Melnikov’s House in Moscow is two interconnected brick barrels. Seen from above, they resemble a neutron and a proton of an atomic nucleus.
I was picturing where this house will fit in my system, along with 2 Willow Road by Erno Goldfinger or, perhaps Weissenhof Estate in Stuttgart. Its’ decisive lines and slim geometry, its rationalism – and rationale – seem to be offsetting against the chaotic and unkempt world around.
The diamond-shaped windows were spinning around me, becoming an incessant pool of light.
I was able to think only about it. When I saw my friends, I told them: “you know, I am going to see Melnikov House in Moscow” in the first two minutes of our meeting.
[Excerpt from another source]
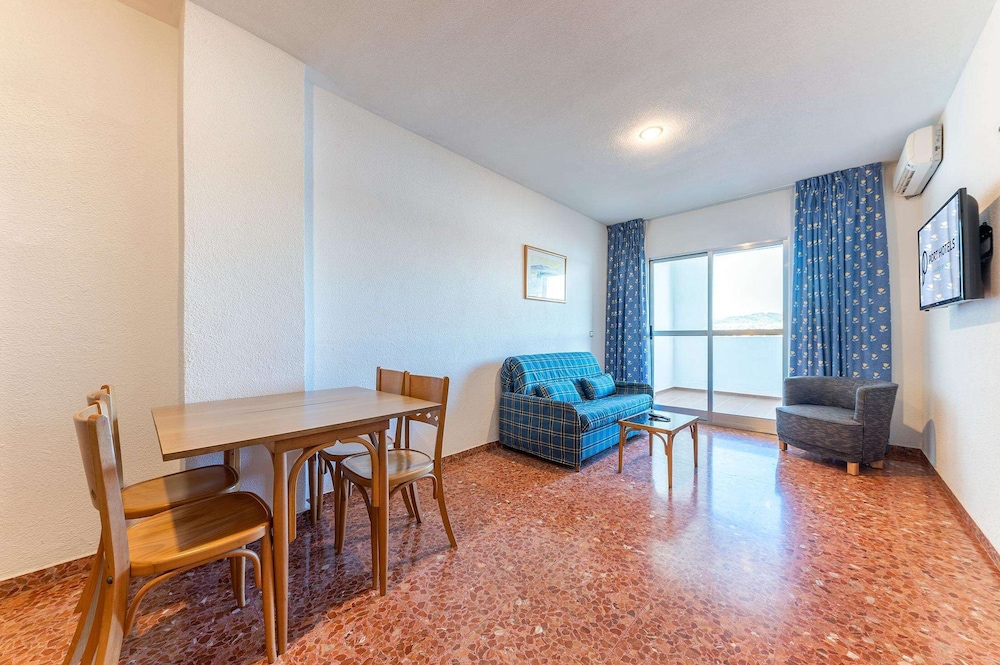 Apartment, 1 Bedroom, Balcony, Lake View (XL, 2 Adults)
Because I am one of the few obsessed ones, I had to add: “He designed the first sarcophagus of Lenin”.
It didn’t help, though. And it did not stop the vortex. The atomic nucleus was attracting me.
After a circle along the Garden Ring, I came down to the House.
After a circle around the House, I went into with a tour.
But it wasn’t Goldfinger. It wasn’t Le Corbusier.
Both avant-garde and conventional, sterile and full of life, it mesmerises on the inside as on the outside. The external constructivism charge is further neutralised by traditionalism of the interiors and floorplan.
We came up via the spiral stair-case.
Step by step, the space was unfolding, ever expanding, ever brightening from the lobby, to the dining room, to the reception, to the studio.
We swivelled up and around to the top along the stairs.
Passive to the colliding force of the House, the diamond-shaped windows began to accelerate, to clash and fall apart into smaller and smaller pieces until they reached carbon atoms, that diamonds are made of.
The strict Bauhaus appearance is negated inside with bourgeois excessiveness, frivolous lacy napkins and Orthodox icons in the corner. Its’ unique features are the result of strict economical necessities, but the house and the diamond-shaped windows are now in their turn necessary to understand the avant-garde of the thirties.
This house creates a charge. This charge attracts us – orbiting around the world, around the house, around the spiral staircase inside.
We are the electron and with us it creates an atom.
This atom withholds the ideals of the past. This atom withholds our longing to reconcile with it. But it’s not the most important.